> [PROBLEM REQUIREMENTS]
What you return must match the listing below character for character, minus any pictures.

> [SOURCE MATERIAL]
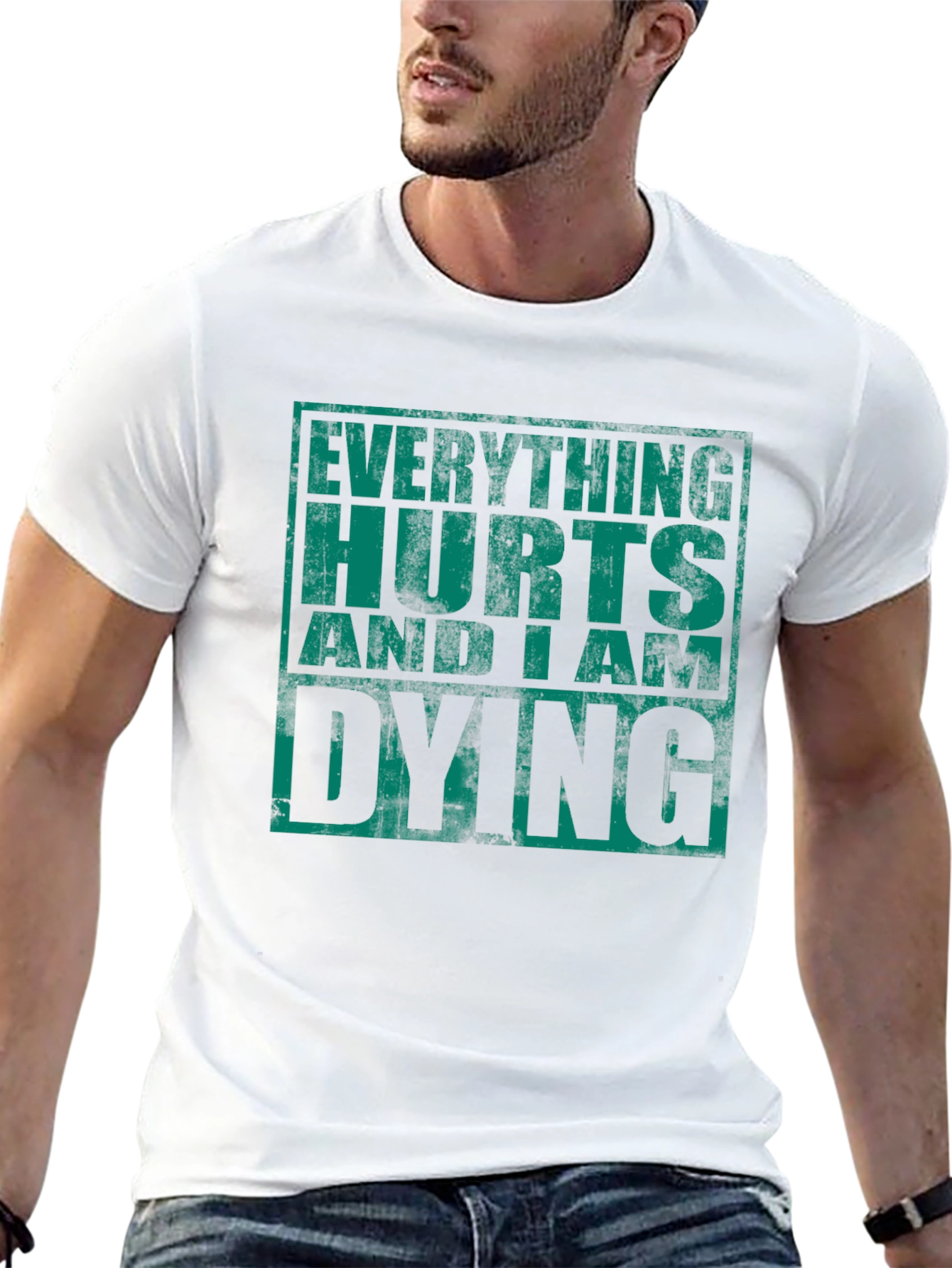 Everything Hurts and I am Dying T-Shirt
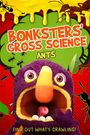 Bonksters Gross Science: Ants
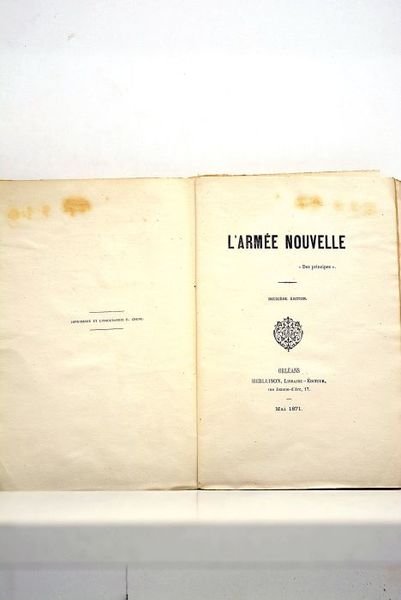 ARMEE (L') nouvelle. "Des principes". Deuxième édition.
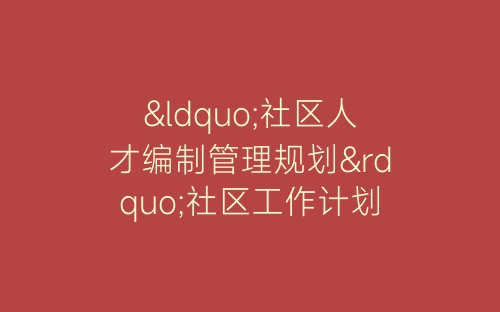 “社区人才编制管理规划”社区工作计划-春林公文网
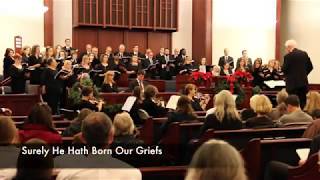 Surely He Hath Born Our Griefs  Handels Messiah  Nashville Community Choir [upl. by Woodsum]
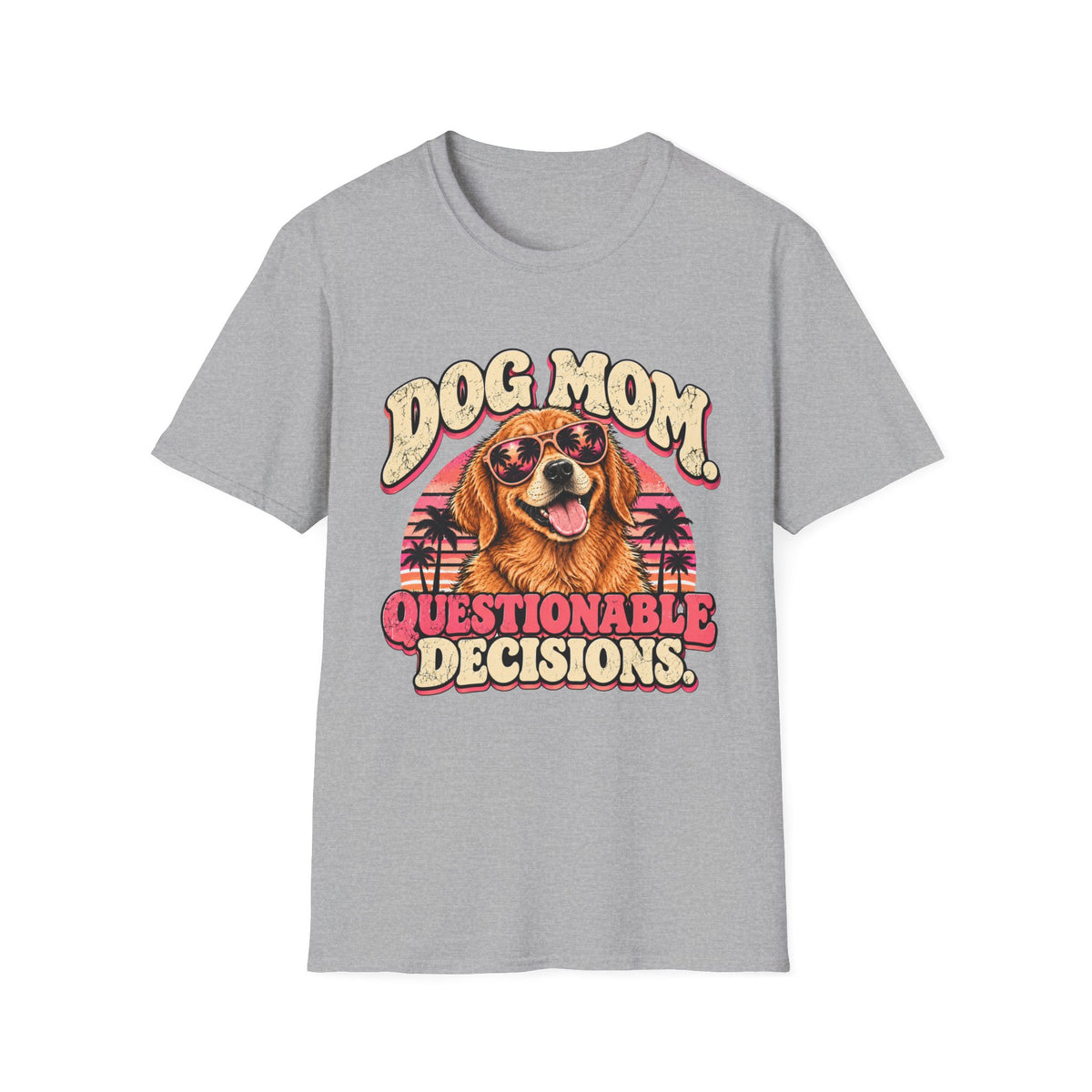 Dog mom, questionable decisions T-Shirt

> [SOLVED EXERCISE]
 Everything Hurts and I am Dying T-Shirt
 Bonksters Gross Science: Ants
 ARMEE (L') nouvelle. "Des principes". Deuxième édition.
 “社区人才编制管理规划”社区工作计划-春林公文网
 Surely He Hath Born Our Griefs  Handels Messiah  Nashville Community Choir [upl. by Woodsum]
 Dog mom, questionable decisions T-Shirt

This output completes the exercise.